Polisi mengungkap penyebab bocornya pipa gas milik PGN di dekat Stasiun Cawang, Jalan MT Haryono, Jakarta Selatan, pada Rabu (20/7).
Kanit Lantas Polsek Tebet AKP Estu mengatakan, kebocoran gas itu akibat adanya pekerjaan proyek pengeboran di lokasi itu.
"Ya karena ada pengeboran, ya. Kan mau bikin pondasi. Buat Transjakarta ini, kan, nanti terintegrasi dari LRT," kata Estu saat dikonfirmasi.
Saat ini, di lokasi sedang ada proyek pengerjaan halte integrasi Transjakarta-LRT dan KRL. Proyek itu digarap oleh Waskita.
Estu menjelaskan, kebocoran terjadi sekitar pukul 11.00 WIB. Selama setengah jam, gas terus keluar dari pipa itu. Beruntung tak ada api yang menyala.

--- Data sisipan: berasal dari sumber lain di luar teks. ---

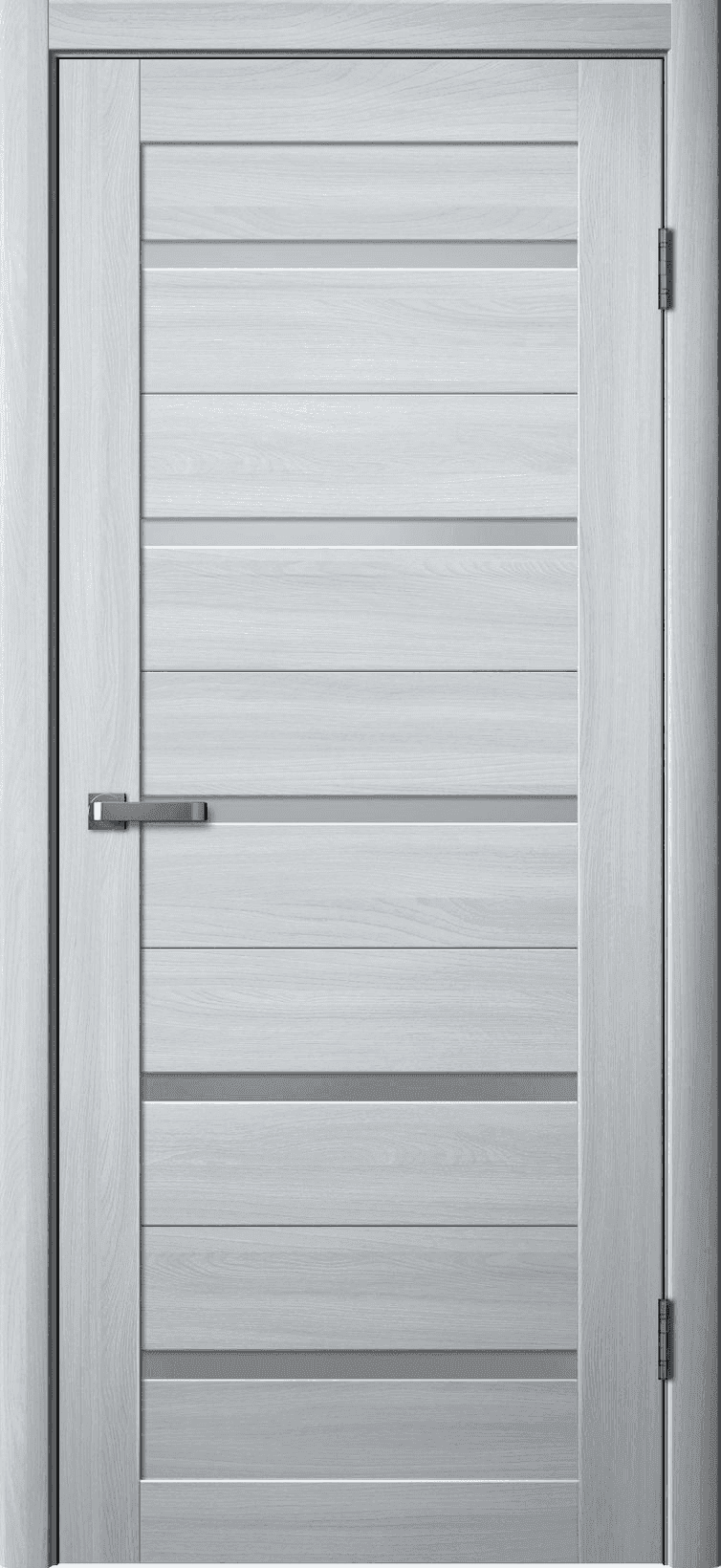 Входная дверь La Stella 206 ясень пепельный / матовое стекло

"Bagusnya enggak ada api, hanya gas aja membubung. Ada tanah yang muncrat juga tadi, tapi sudah dibersihkan," ucap dia.
Estu menyebut, saat kebocoran terjadi, arus lalu lintas sempat dialihan. Namun, kini telah kembali normal.

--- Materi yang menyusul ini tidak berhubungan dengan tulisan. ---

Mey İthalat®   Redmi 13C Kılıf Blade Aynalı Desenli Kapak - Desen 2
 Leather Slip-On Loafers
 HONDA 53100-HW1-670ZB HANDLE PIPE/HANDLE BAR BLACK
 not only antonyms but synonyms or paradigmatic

Terpisah, Area Head PGN Jakarta, Sheila Marlianty, mengatakan kebocoran pipa terjadi sekitar pukul 11.00 WIB.
Petugas Tim Penanganan Gangguan (TPG) PT PGN Tbk sudah berada di lokasi dan sedang memastikan kondisi infrastruktur dan perimeter sekeliling lokasi dalam keadaan aman.
"Petugas TPG PGN telah mengamankan area sekitar dari aktivitas warga dengan memasang safety line. Petugas juga dalam proses identifikasi dampak kejadian serta rencana perbaikan sesegera mungkin. PT PGN Tbk juga telah berkoordinasi bersama pihak terkait untuk mengidentifikasi pelanggan yang terdampak," ucap dia.
Waskita Minta Maaf
Sementara, PT Waskita menyatakan bahwa kebocoran terjadi di area proyek halte yang akan mengintegrasikan Transjakarta, MRT, dan LRT Jakarta, yang mereka kerjakan. Waskita minta maaf atas kebocoran yang menyebabkan kemacetan lalu lintas.
"Sehubungan dengan bocornya pipa PGN di sekitar area Proyek Revitalisasi Halte Busway saat pekerjaan pemancangan pada Rabu 20 Juli 2022, kami management PT Waskita Karya (Persero) Tbk selaku Kontraktor Pelaksana menyampaikan permohonan maaf bagi para pengguna jalan dan pengguna fasilitas umum atas kejadian ini," kata SVP Corporate Secretary Waskita Karya Novianto Ari Nugroho melalui keterangan tertulis, Rabu (20/7).